Comments On " Orbits of automorphism groups of fields"

TL;DR

This paper investigates the structure of noetherian integral domains under automorphism group actions, proving they are fields when the orbit space is finite, and explores conditions under which field extensions are algebraically closed.

Contribution

It establishes that if the automorphism orbit space of a noetherian integral domain is finite, then the domain is a field, and confirms a special case of a conjecture regarding algebraically closed fields.

Findings

R is a field when (R-k)/Aut_k(R) is finite

If (K-k)/Aut_k(K) has size 1, then K is algebraically closed

Elementary proof provided for finitely generated extensions over prime fields

Abstract

Let $R$ be a commutative $k-$algebra over a field $k$. Assume $R$ is a noetherian, infinite, integral domain.
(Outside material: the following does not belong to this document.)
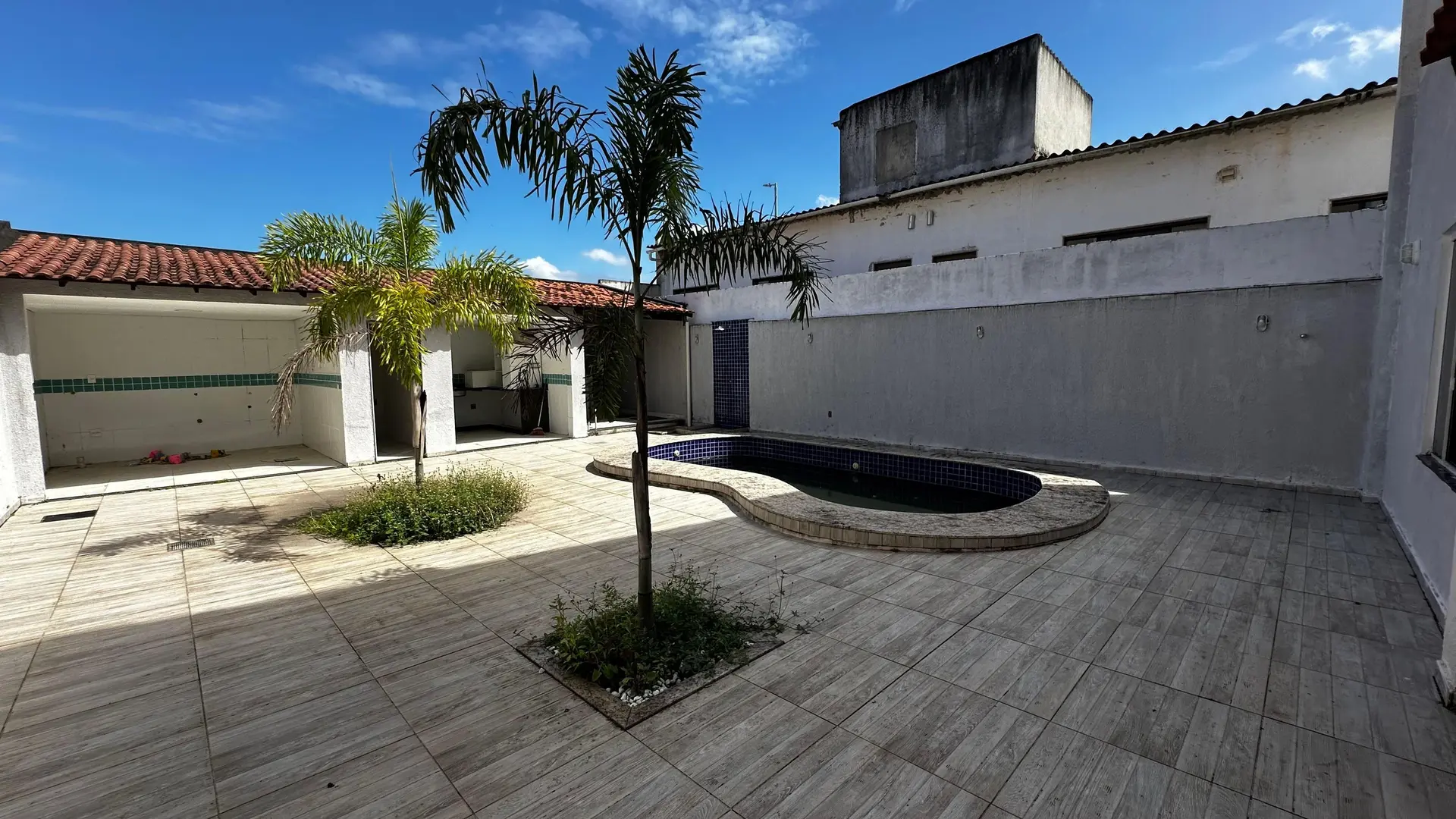 Casa com 4 quartos e 3 suítes, 2 vagas de garagem — photo 20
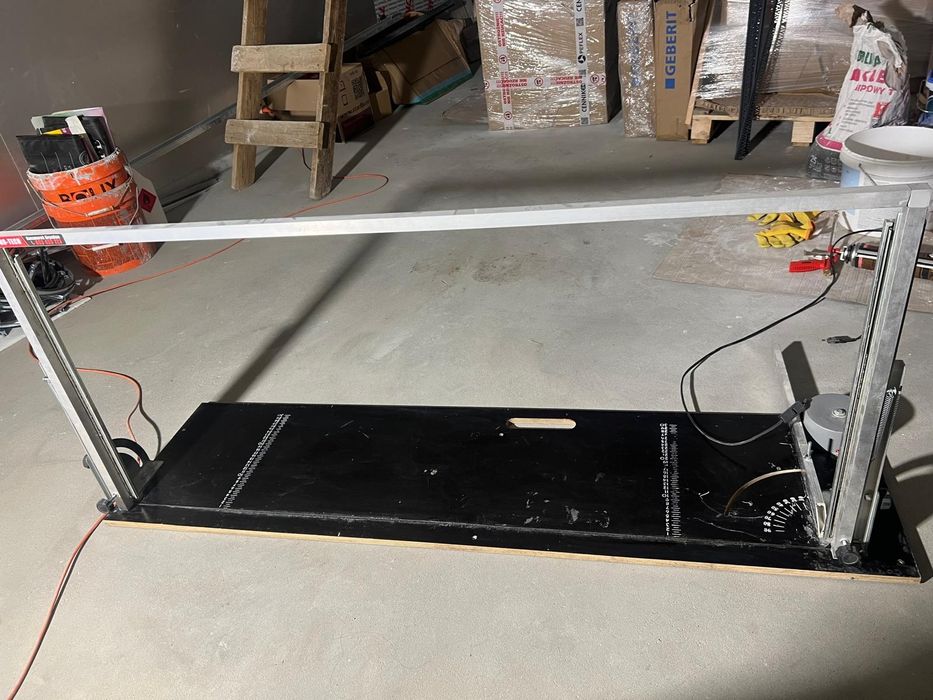 Gilotyna do styropianu, duże pole cięcia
The group of $k-$automorphisms of $R$,i.e.$Aut_k(R)$ acts in a natural way on $(R-k)$.In the first part of this article, we study the structure of $R$ when the orbit space $(R-k)/Aut_k(R)$ is finite.We note that most of the results, not particularly relevent to fields, in [1,\S 2] hold in this case as well. Moreover, we prove that $R$ is a field. In the second part, we study a special case of the Conjecture 2.1 in [1] : If $K/k$ is a non trivial field extension where $k$ is algebraically closed and $\mid (K-k)/Aut_k(K) \mid = 1$ then $K$ is algebraically closed. In the end, we give an elementary proof of [1,Theorem 1.1] in case $K$ is finitely generated over its prime subfield.